There’s this scene in the George Clooney movie Up in the air, in which he tells a character named Bob (who he is in the act of retrenching from his job), that he doubts his children ever really admired him. Naturally, it angers Bob, but Clooney’s character isn’t just being obnoxious. The Bob character studied French cuisine in university 30 years before, but gave up on whatever dream he had to be great in that field the moment he was seduced by a corporate job, even one that didn’t pay very much money. Fast forward 30 years and Bob, who has performed averagely in his average job, and achieved average amounts of recognition, coupled with average raises, is considered to be superfluous to requirements. Companies do that. It’s the worst thing about them.
There’s a fork in the road here. I could create an argument that any company that has a Bob on its payroll is one that obviously doesn’t grow its people very well and ought to be shamed into taking a long, hard look at itself. I reckon I could do that pretty successfully, because I believe it. More companies are like Bob’s employer than any of us cares to admit, and that is the worst thing about work.
I could alternatively create an argument that Bob should have tried harder. Having made a decision, he should have grabbed it with both hands, and all of that pseudo-motivational BS that management trainers and the like, try to tell you. Except that I don’t think the guy ever had a chance at being good in a job that was a compromise from the outset. His mistake was to sell out and you can’t just decide to love something.

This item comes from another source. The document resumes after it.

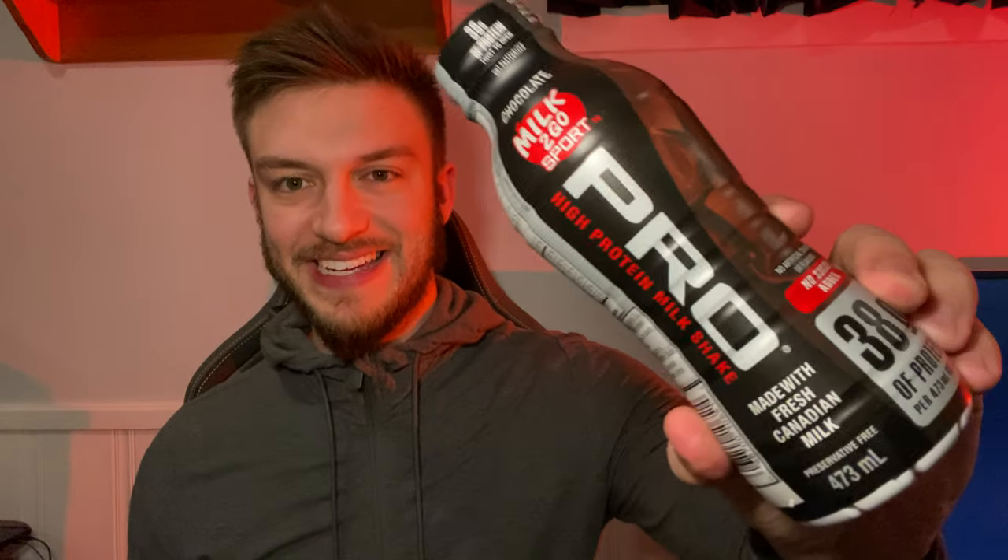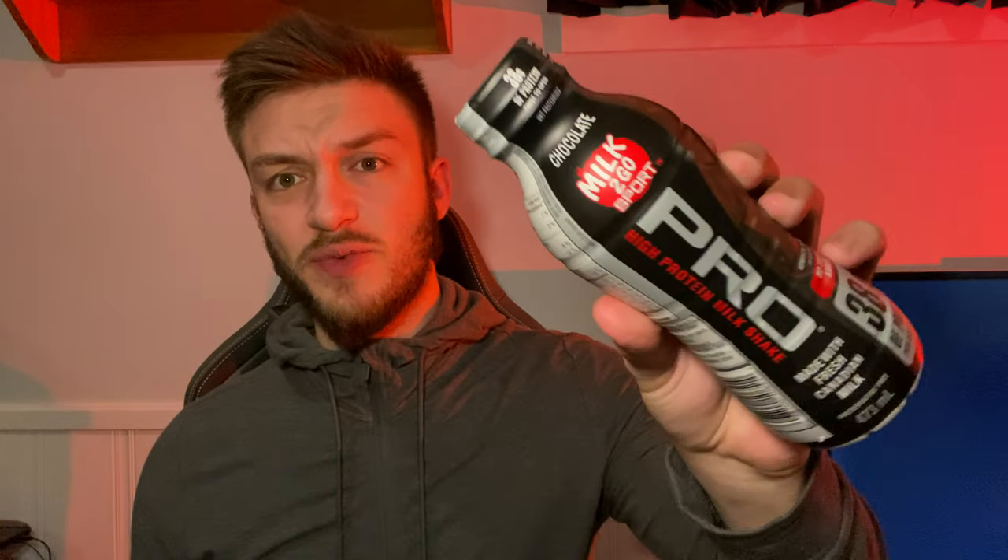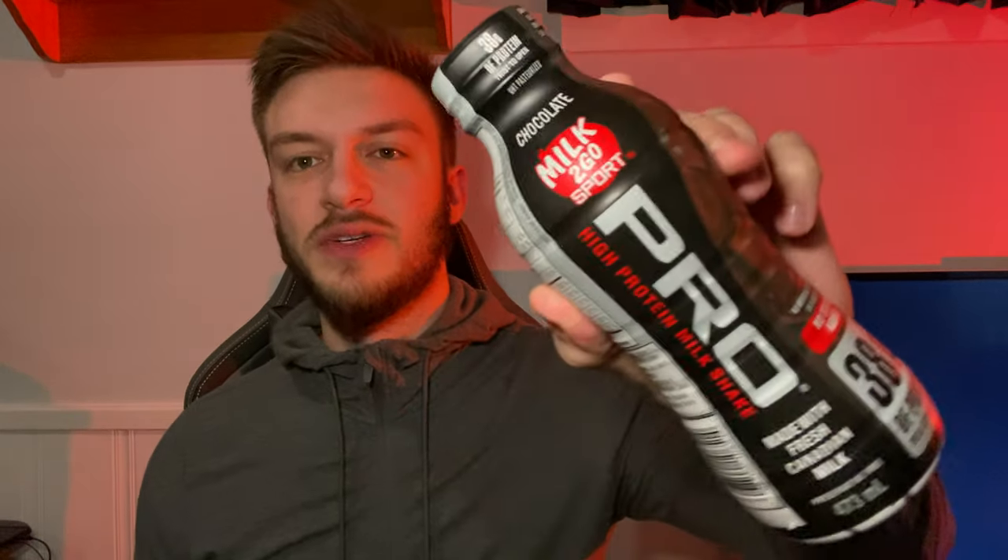Hello everyone, in this video I'll be doing a review of the Milk to Go Sport Pro protein shake. This has 38 grams of protein in a 473 milliliter bottle, which is pretty good considering this is only like $2.50 at the grocery store — a really good deal. The normal Milk to Go Sport protein shakes have 26 grams, so this is a big upgrade, and it has less sugar.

I could make those arguments, but neither of those is the most important one in that scene, which I have watched over and over. The thing that gets me every time is the fact that Bob, much like the overwhelming majority of the western world, I have no hesitation in saying, is a sleepwalker. I’ve personally experienced this. I’ve allowed a year or two (thankfully never more than that at any one time), to pass by almost unnoticed as I talked myself in and out of the job I was in. You go through the motions, you do what is expected, but never enough to get any recognition. You’re just kind of, there.
And then it’s a year later. And then it’s another one.
I’d like to see a sequel to Up in the air in which Bob has rediscovered his excitement for French cuisine, opened a restaurant at the age of 55 and is finally having more fun days than boring ones. That’s probably pretty sappy, but I’d like to see it.
We’re all guilty of a little sleepwalking through our lives. But you can’t do anything worthwhile if you’re not excited enough about today, to do something about it. All those todays add up to one big chunk of either wasted or well-spent time. But don’t kid yourself that they’re ever just freebies.